Das eine Buch wird zugeklappt und das nächste schon geöffnet. Der Gemeinderat Ottersweier hat am Montag in seiner letzten Sitzung vor der Sommerpause einen endgültigen Schlussstrich unter die 15-jährige Geschichte der Ortskernsanierung gezogen. Direkt anschließend wurden weitere Schritte für die Städtebauliche Erneuerungsmaßnahme „Hatzenweier“ beschlossen (siehe weiteren Bericht auf dieser Seite).

Hans-Joachim Reglin von der Stadtentwicklung GmbH (STEG) hatte das Sanierungsvorhaben in Ottersweier seit dem Satzungsbeschluss im Jahr 2006 begleitet. Die förmliche Aufhebung der Satzung zum Sanierungsgebiet gab ihm nun die Möglichkeit, auf die städtebauliche Erfolgsgeschichte zurückzublicken. „Ottersweier kann Sanierung“, lobte Reglin mit Blick auf die Realisierung der zahlreichen privaten und öffentlichen Sanierungsprojekte in der Ortsmitte. Die Tatsache, dass der ursprüngliche Förderrahmen von 2 auf 4,3 Millionen Euro erhöht und die ursprüngliche Laufzeit um insgesamt sechs Jahre verlängert wurde, seien Belege dafür, dass man das auch in Stuttgart wisse. „Nicht jede Gemeinde ist so schnell in der Umsetzung.“

Fraktionen zufrieden mit Realisierung

Eine weitere Verlängerung, die die Verwaltung anvisiert hatte, war dann aber doch nicht mehr drin.
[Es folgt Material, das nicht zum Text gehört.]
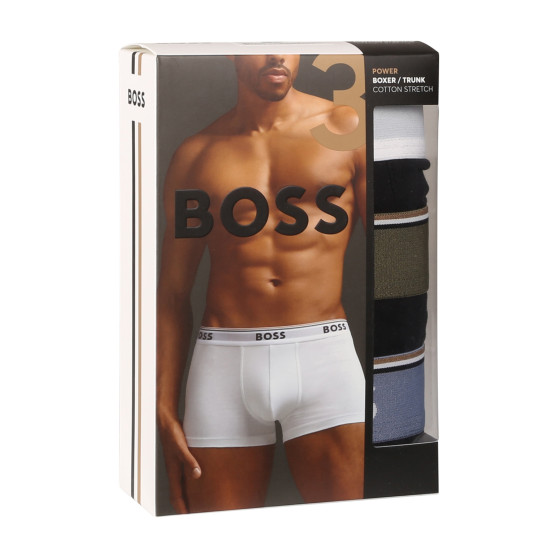 3PACK fekete BOSS férfi boxeralsó (50517827 980)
Wie berichtet, hat die Gemeinde das Anwesen Lauferstraße 1 gekauft. Gerne hätte man das Gebäude noch mit vorhandenen Fördermitteln in Höhe von rund 55.000 Euro abgerissen. Da dies wegen Fledermausschutz aber erst im Spätjahr möglich ist, hätte der Zeitraum bis dahin verlängert werden müssen. Da war aber vonseiten des Wirtschaftsministeriums Schluss. Die 55.000 Euro werden somit ungenutzt zurückgeben, erklärte Bürgermeister Jürgen Pfetzer, der dies bedauerte, aber dennoch von einer Punktlandung des Sanierungsprogramms sprach.

Die Sanierungsmaßnahmen wurden allesamt mit 60 Prozent vom Land gefördert. Insgesamt hat das Land 2,58 Millionen Euro bezahlt, der Eigenanteil der Gemeinde betrug 1,72 Millionen Euro. Neun private und zwei kommunale Abbruchmaßnahmen (alte Turnhalle und Schlauchturm im alten Feuerwehrhaus) wurden realisiert. 16 private und fünf Gemeindeeinrichtungen wurden erneuert, darunter das Rathaus, der benachbarte Kindergarten, das Gemeindezentrum, die alte Gewerbeschule und das Heimatmuseum. Eine Brücke, Stützmauern, Stellplätze und Gehwege konnten erneuert, Bushaltestellen zusammengeführt werden.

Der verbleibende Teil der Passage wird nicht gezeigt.